Sampling a Positive Class Using Popularity (S106, S108)
[0061] Even for overall difficult classification (or labeling)
problems, some classes are easier to recognize for an annotator
than others, so they constitute good candidates from which to
choose the query image 40 for a gold question 44. The assumption is
that common, i.e., more popular, classes will be easier to
recognize for a non-expert. The exemplary method employs a
quantitative measure of class popularity. By way of example, one or
more of the following quantitative measures is/are employed to
identify popular classes from which the positive class may be
sampled:
[0062] 1. Quantity of mentions of the class label which are
identified in a search. In this approach, it is assumed that a
class is popular if it is more commonly discussed on web-pages than
other classes. Consequently, the number of hits that a text search
engine (such as Google search) returns when queried with the class
label (and/or other name for the class) can be used as the measure
of popularity for each class. To assist in ensuring that the search
engine is identifying relevant hits, further information may be
added to the search to exclude or limit the quantity of
non-relevant hits. For example in the case of bird species, the
word "bird" could also be used in the search. In general, it is not
necessary to be familiar with the way in which the search engine 82
determines the number of hits, e.g., as the number of documents
containing the class label (or related word), the total number of
occurrences, or a combination thereof. Rather, the number of
results or similar information (e.g., search time) displayed by the
search engine can be used to compute the measure of popularity.
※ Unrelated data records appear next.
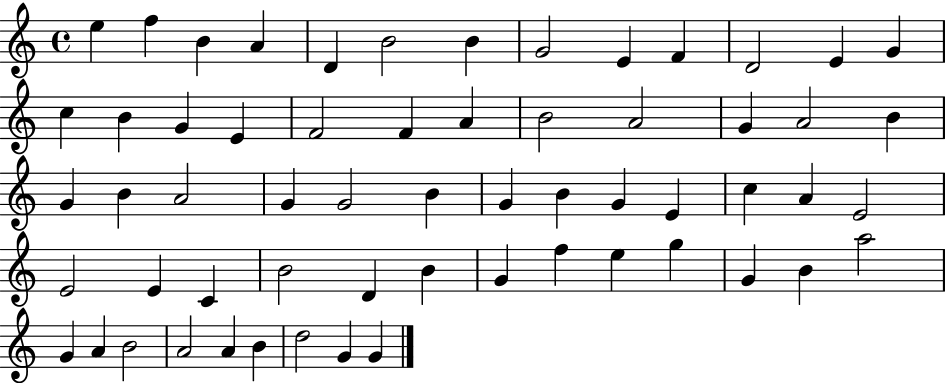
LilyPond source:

{
  \clef treble
  \time 4/4
  \defaultTimeSignature
  \key c \major
  e''4 f''4 b'4 a'4 | d'4 b'2 b'4 | g'2 e'4 f'4 | d'2 e'4 g'4 | \break c''4 b'4 g'4 e'4 | f'2 f'4 a'4 | b'2 a'2 | g'4 a'2 b'4 | \break g'4 b'4 a'2 | g'4 g'2 b'4 | g'4 b'4 g'4 e'4 | c''4 a'4 e'2 | \break e'2 e'4 c'4 | b'2 d'4 b'4 | g'4 f''4 e''4 g''4 | g'4 b'4 a''2 | \break g'4 a'4 b'2 | a'2 a'4 b'4 | d''2 g'4 g'4 | \bar "|."
}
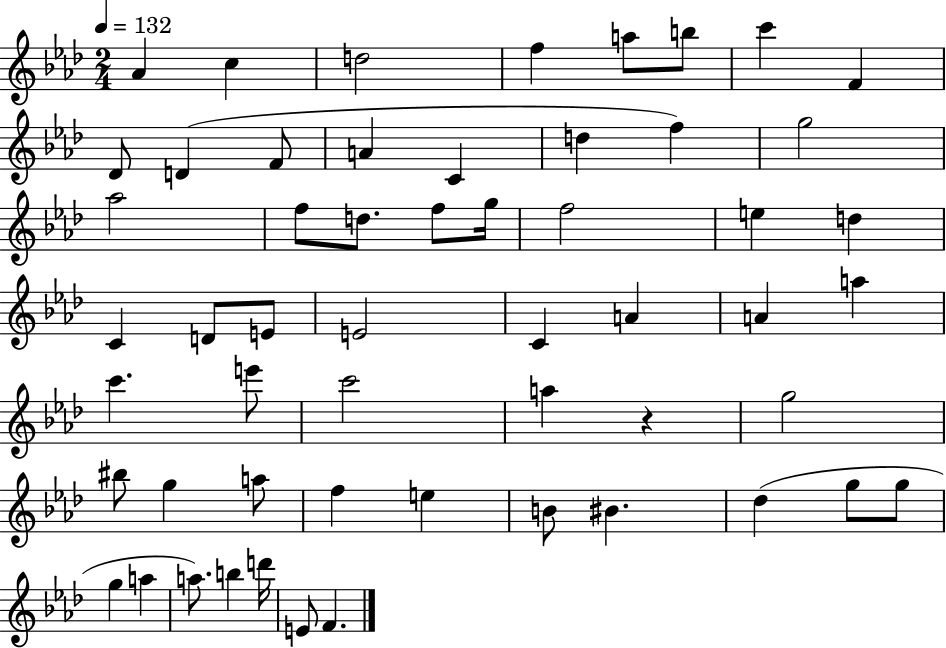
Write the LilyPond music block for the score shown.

{
  \clef treble
  \numericTimeSignature
  \time 2/4
  \key aes \major
  \tempo 4 = 132
  aes'4 c''4 | d''2 | f''4 a''8 b''8 | c'''4 f'4 | \break des'8 d'4( f'8 | a'4 c'4 | d''4 f''4) | g''2 | \break aes''2 | f''8 d''8. f''8 g''16 | f''2 | e''4 d''4 | \break c'4 d'8 e'8 | e'2 | c'4 a'4 | a'4 a''4 | \break c'''4. e'''8 | c'''2 | a''4 r4 | g''2 | \break bis''8 g''4 a''8 | f''4 e''4 | b'8 bis'4. | des''4( g''8 g''8 | \break g''4 a''4 | a''8.) b''4 d'''16 | e'8 f'4. | \bar "|."
}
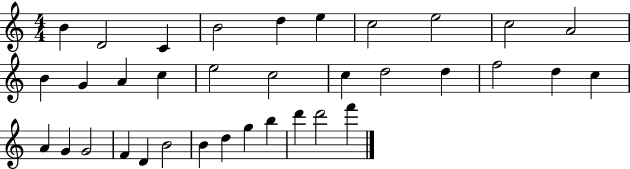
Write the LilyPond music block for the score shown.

{
  \clef treble
  \numericTimeSignature
  \time 4/4
  \key c \major
  b'4 d'2 c'4 | b'2 d''4 e''4 | c''2 e''2 | c''2 a'2 | \break b'4 g'4 a'4 c''4 | e''2 c''2 | c''4 d''2 d''4 | f''2 d''4 c''4 | \break a'4 g'4 g'2 | f'4 d'4 b'2 | b'4 d''4 g''4 b''4 | d'''4 d'''2 f'''4 | \break \bar "|."
}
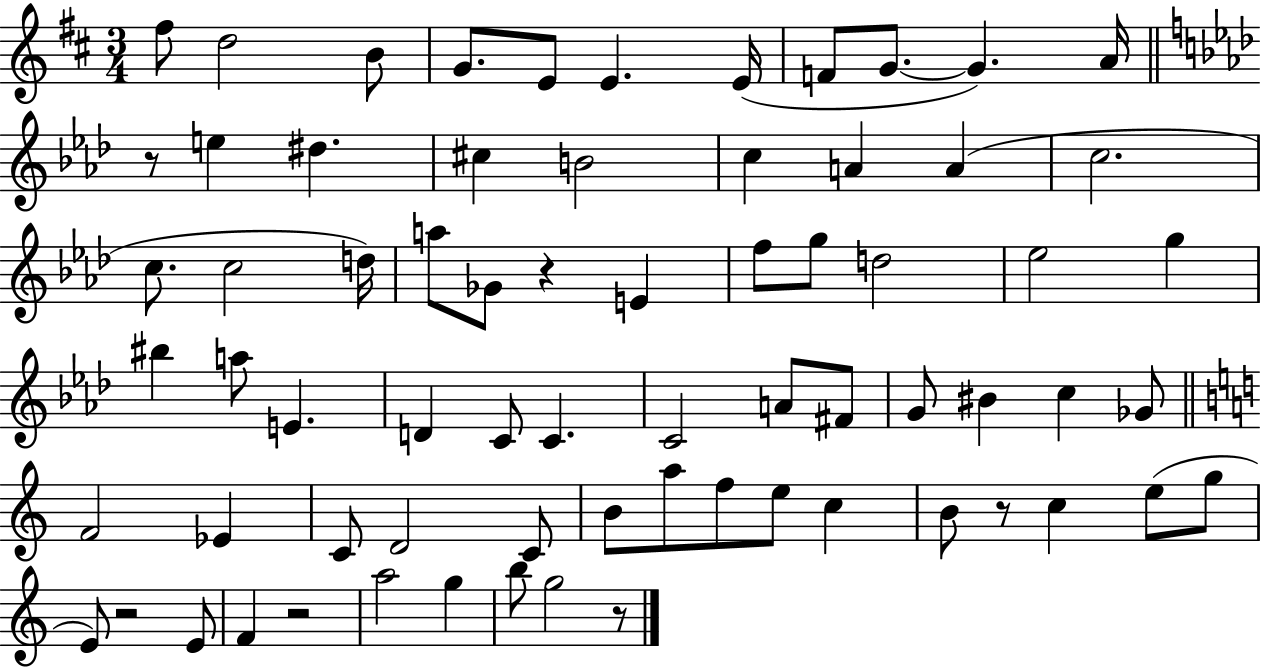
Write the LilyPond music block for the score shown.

{
  \clef treble
  \numericTimeSignature
  \time 3/4
  \key d \major
  \repeat volta 2 { fis''8 d''2 b'8 | g'8. e'8 e'4. e'16( | f'8 g'8.~~ g'4.) a'16 | \bar "||" \break \key aes \major r8 e''4 dis''4. | cis''4 b'2 | c''4 a'4 a'4( | c''2. | \break c''8. c''2 d''16) | a''8 ges'8 r4 e'4 | f''8 g''8 d''2 | ees''2 g''4 | \break bis''4 a''8 e'4. | d'4 c'8 c'4. | c'2 a'8 fis'8 | g'8 bis'4 c''4 ges'8 | \break \bar "||" \break \key c \major f'2 ees'4 | c'8 d'2 c'8 | b'8 a''8 f''8 e''8 c''4 | b'8 r8 c''4 e''8( g''8 | \break e'8) r2 e'8 | f'4 r2 | a''2 g''4 | b''8 g''2 r8 | \break } \bar "|."
}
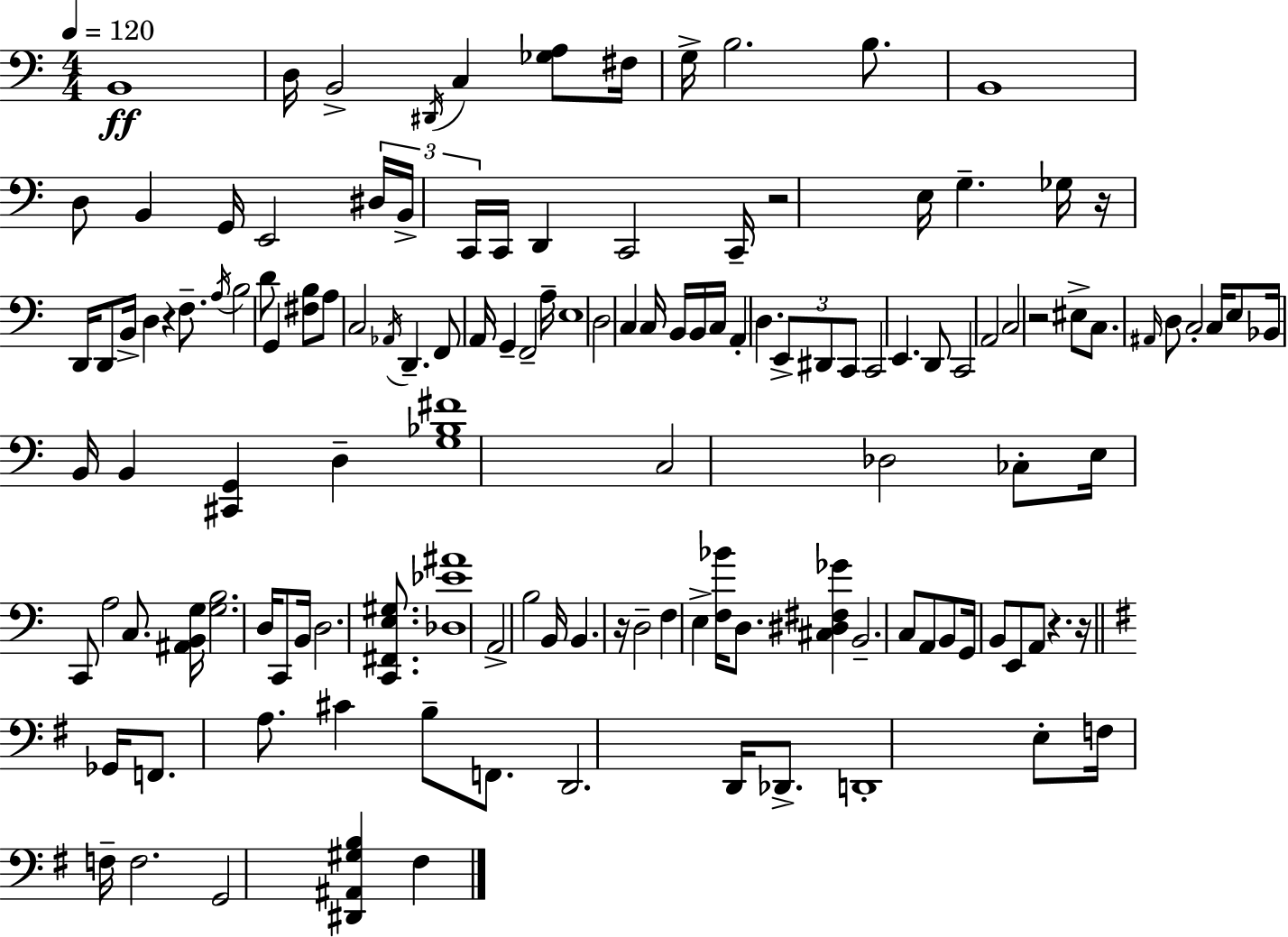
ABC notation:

X:1
T:Untitled
M:4/4
L:1/4
K:C
B,,4 D,/4 B,,2 ^D,,/4 C, [_G,A,]/2 ^F,/4 G,/4 B,2 B,/2 B,,4 D,/2 B,, G,,/4 E,,2 ^D,/4 B,,/4 C,,/4 C,,/4 D,, C,,2 C,,/4 z2 E,/4 G, _G,/4 z/4 D,,/4 D,,/2 B,,/4 D, z F,/2 A,/4 B,2 D/2 G,, [^F,B,]/2 A,/2 C,2 _A,,/4 D,, F,,/2 A,,/4 G,, F,,2 A,/4 E,4 D,2 C, C,/4 B,,/4 B,,/4 C,/4 A,, D, E,,/2 ^D,,/2 C,,/2 C,,2 E,, D,,/2 C,,2 A,,2 C,2 z2 ^E,/2 C,/2 ^A,,/4 D,/2 C,2 C,/4 E,/2 _B,,/4 B,,/4 B,, [^C,,G,,] D, [G,_B,^F]4 C,2 _D,2 _C,/2 E,/4 C,,/2 A,2 C,/2 [^A,,B,,G,]/4 [G,B,]2 D,/4 C,,/2 B,,/4 D,2 [C,,^F,,E,^G,]/2 [_D,_E^A]4 A,,2 B,2 B,,/4 B,, z/4 D,2 F, E, [F,_B]/4 D,/2 [^C,^D,^F,_G] B,,2 C,/2 A,,/2 B,,/2 G,,/4 B,,/2 E,,/2 A,,/2 z z/4 _G,,/4 F,,/2 A,/2 ^C B,/2 F,,/2 D,,2 D,,/4 _D,,/2 D,,4 E,/2 F,/4 F,/4 F,2 G,,2 [^D,,^A,,^G,B,] ^F,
[0063] 2. Quantity of documents (e.g., images, when the documents
to be classified are images) labeled with the class which are
identified in a document-type search. In this approach, it is
assumed that a visual class is popular if it is more commonly
photographed and shared over the Internet. Consequently, as a
popularity measure, the number of hits an image search engine 82
(such as Google image search) returns when queried with the class
label (or other common name for the class) can be used. While this
approach is particularly suited to photographs (single images), it
can be extended to video by querying video-sharing websites, such
as YouTube. As with the first approach, the search may be limited
with additional search terms to exclude or limit the quantity of
non-relevant hits.
[0064] 3. Quantity of groups focusing on the class or quantity of
documents submitted to those groups. In this approach,
photo-sharing websites, such as Flickr.TM. can be leveraged to
measure the popularity. Flickr allows users to join groups which
can be manually or otherwise associated with the class labels. In
one embodiment, the number of groups which deal with the given
class can be counted as a measure of class popularity. Another
measure could include such counts as the number of images posted on
the group(s) related to the class or the number of comments. An
aggregation of such measures may be employed. This aspect can be
extended beyond visual data, for example, to other domains, by
mining specialized forums, e.g., music forums, in the case of
classifying music snippets according to the artist or genre, for
example. More generally, any social media can be analyzed to serve
this purpose.
[0065] These example techniques for measuring popularity all rely
on the mining of public resources as the source 28 of popularity
data. In particular, they rely on human data, i.e., what a person
considers meaningful, rather than relying on machine classification
techniques. However, it is also contemplated that automated trained
classifiers could be used to assign labels to documents, e.g., on a
website or across several websites and/or databases, in order to
assist in identifying the most popular class labels. In other
embodiments, questionnaires or other methods could be employed to
identify the most popular labels. This may be useful when
surrounding information from the webpages can be used. A
combination of different approaches to computing a popularity
measure may be employed.
[0066] To take into account the specificity of the workers and
especially their cultural differences, different resources 28 can
be mined for different workers. For example, if the task is bird
classification, a popular bird in North America may be quite
different from a popular bird in India. Hence, where location
information about the worker can be collected (e.g., provided
voluntarily, or extracted from the IP address) the popularity
measure query can be performed on the relevant search engine, e.g.,
www.google.com for workers located in North America vs
www.google.co.in for workers in India. Depending on the task, this
could involve translation of the class names into relevant
languages.
[0067] In one embodiment, the classes may be ranked according to
popularity, based on their respective popularity measures. For
example, the most popular class is ranked 1, with the less popular
classes having higher numbers. The top ranked classes, e.g., the p
most popular classes (p may be a number or predetermined percent of
the classes) may be identified. In general, p may be less than 20%,
or less than 10%, of the total number of classes to be used in
labeling documents, such as from 1-20, or at least 2, or at least
4, or up to 10 classes, or more. A class may then be sampled (e.g.,
selected randomly with a uniform probability over the classes) from
this pool 39 of classes as the query class for each gold question.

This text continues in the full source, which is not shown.